* [Given data]

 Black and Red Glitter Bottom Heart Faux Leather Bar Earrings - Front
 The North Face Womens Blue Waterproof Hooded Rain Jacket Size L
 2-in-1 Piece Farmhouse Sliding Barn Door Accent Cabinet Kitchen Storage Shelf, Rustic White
...
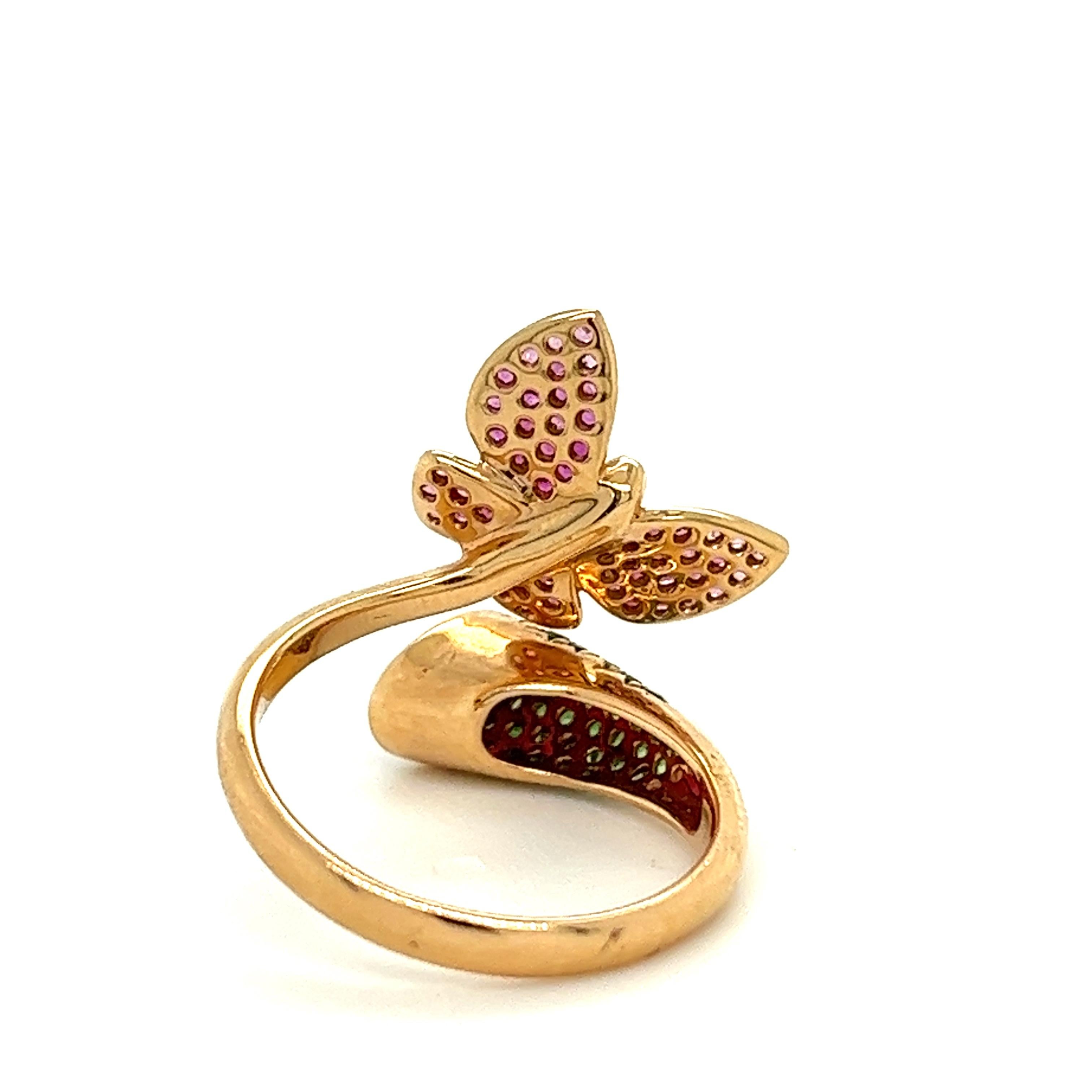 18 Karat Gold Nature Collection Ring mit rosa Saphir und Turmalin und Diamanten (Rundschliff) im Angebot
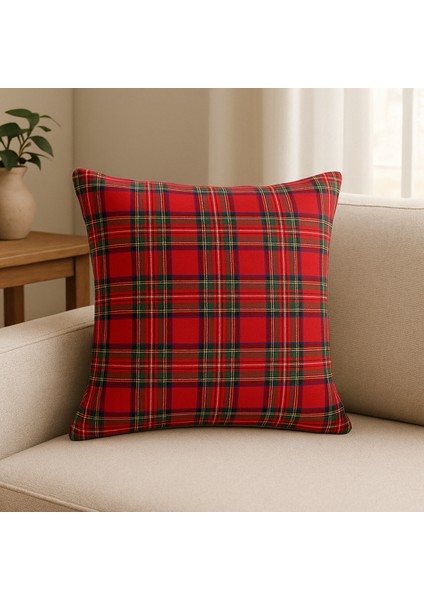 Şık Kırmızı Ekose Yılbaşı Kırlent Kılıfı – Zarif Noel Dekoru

* [The problem] All lines in the data above from the one with "Black and Red" through the one with "2-in-1 Piece Farmhouse" must be repeated exactly, and no others.

* [Exercise solution]
 Black and Red Glitter Bottom Heart Faux Leather Bar Earrings - Front
 The North Face Womens Blue Waterproof Hooded Rain Jacket Size L
 2-in-1 Piece Farmhouse Sliding Barn Door Accent Cabinet Kitchen Storage Shelf, Rustic White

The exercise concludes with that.